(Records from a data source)
********

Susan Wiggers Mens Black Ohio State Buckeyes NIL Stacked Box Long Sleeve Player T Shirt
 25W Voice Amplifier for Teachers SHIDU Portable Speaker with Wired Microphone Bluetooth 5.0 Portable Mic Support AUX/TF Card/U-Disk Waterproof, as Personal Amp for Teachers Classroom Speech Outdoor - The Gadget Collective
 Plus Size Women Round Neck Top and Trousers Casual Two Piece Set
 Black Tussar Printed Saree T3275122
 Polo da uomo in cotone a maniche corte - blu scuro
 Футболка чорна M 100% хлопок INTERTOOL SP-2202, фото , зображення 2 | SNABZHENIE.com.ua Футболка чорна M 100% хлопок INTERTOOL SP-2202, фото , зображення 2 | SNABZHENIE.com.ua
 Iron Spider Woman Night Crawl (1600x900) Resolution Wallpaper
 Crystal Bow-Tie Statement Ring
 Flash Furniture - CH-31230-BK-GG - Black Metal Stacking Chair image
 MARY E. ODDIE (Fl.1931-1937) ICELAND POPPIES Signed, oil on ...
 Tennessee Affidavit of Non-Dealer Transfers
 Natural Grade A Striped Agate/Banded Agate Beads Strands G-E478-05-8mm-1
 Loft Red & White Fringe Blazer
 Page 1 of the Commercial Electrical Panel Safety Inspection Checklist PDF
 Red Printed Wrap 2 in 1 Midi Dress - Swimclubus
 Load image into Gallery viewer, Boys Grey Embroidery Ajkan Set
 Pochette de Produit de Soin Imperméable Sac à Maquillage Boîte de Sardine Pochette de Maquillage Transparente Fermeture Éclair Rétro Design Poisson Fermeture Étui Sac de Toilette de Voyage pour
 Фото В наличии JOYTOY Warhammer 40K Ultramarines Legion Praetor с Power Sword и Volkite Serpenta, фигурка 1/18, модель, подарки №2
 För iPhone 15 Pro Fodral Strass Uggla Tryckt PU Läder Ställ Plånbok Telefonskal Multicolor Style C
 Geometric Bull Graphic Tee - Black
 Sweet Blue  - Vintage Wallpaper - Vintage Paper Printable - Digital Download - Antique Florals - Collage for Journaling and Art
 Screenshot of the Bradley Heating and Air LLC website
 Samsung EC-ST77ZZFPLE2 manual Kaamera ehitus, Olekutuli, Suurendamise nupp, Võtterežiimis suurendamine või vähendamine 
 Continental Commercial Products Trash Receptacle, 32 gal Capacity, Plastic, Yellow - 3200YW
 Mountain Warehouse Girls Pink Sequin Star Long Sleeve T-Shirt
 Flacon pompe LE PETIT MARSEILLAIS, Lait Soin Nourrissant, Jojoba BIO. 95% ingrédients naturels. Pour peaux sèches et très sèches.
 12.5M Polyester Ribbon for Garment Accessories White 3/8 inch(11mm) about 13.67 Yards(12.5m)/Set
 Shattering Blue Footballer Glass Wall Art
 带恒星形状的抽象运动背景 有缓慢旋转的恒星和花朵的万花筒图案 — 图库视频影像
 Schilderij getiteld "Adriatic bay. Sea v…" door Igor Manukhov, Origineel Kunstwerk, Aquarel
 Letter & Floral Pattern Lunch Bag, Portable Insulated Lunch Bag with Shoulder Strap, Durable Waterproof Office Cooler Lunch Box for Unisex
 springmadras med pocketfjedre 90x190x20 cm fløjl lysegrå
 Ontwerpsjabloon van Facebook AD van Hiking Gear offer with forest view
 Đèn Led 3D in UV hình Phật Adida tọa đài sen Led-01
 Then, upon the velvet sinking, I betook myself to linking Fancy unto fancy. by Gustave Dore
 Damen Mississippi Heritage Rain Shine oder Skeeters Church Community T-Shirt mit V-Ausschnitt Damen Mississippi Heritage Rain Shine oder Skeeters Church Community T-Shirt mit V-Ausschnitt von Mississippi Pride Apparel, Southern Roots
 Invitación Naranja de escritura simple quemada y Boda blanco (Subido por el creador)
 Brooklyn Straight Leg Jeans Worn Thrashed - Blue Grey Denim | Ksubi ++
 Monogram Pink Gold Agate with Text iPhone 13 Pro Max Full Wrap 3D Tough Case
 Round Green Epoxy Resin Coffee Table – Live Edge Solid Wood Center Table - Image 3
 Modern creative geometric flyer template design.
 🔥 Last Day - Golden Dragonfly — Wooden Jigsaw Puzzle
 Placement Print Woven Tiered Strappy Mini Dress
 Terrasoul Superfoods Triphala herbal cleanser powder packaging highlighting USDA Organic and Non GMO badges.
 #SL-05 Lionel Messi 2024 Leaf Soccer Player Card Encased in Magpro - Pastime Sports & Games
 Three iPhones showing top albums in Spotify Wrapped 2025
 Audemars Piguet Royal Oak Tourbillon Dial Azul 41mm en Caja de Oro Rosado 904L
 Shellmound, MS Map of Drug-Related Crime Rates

********

→ **DIRECTIONS**:
From the entries above, give again exactly the lines running from the line with "Natural Grade A" to the line with "Red Printed Wrap"; include both of those lines.

→ **RESPONSE TO THE EXERCISE**:
 Natural Grade A Striped Agate/Banded Agate Beads Strands G-E478-05-8mm-1
 Loft Red & White Fringe Blazer
 Page 1 of the Commercial Electrical Panel Safety Inspection Checklist PDF
 Red Printed Wrap 2 in 1 Midi Dress - Swimclubus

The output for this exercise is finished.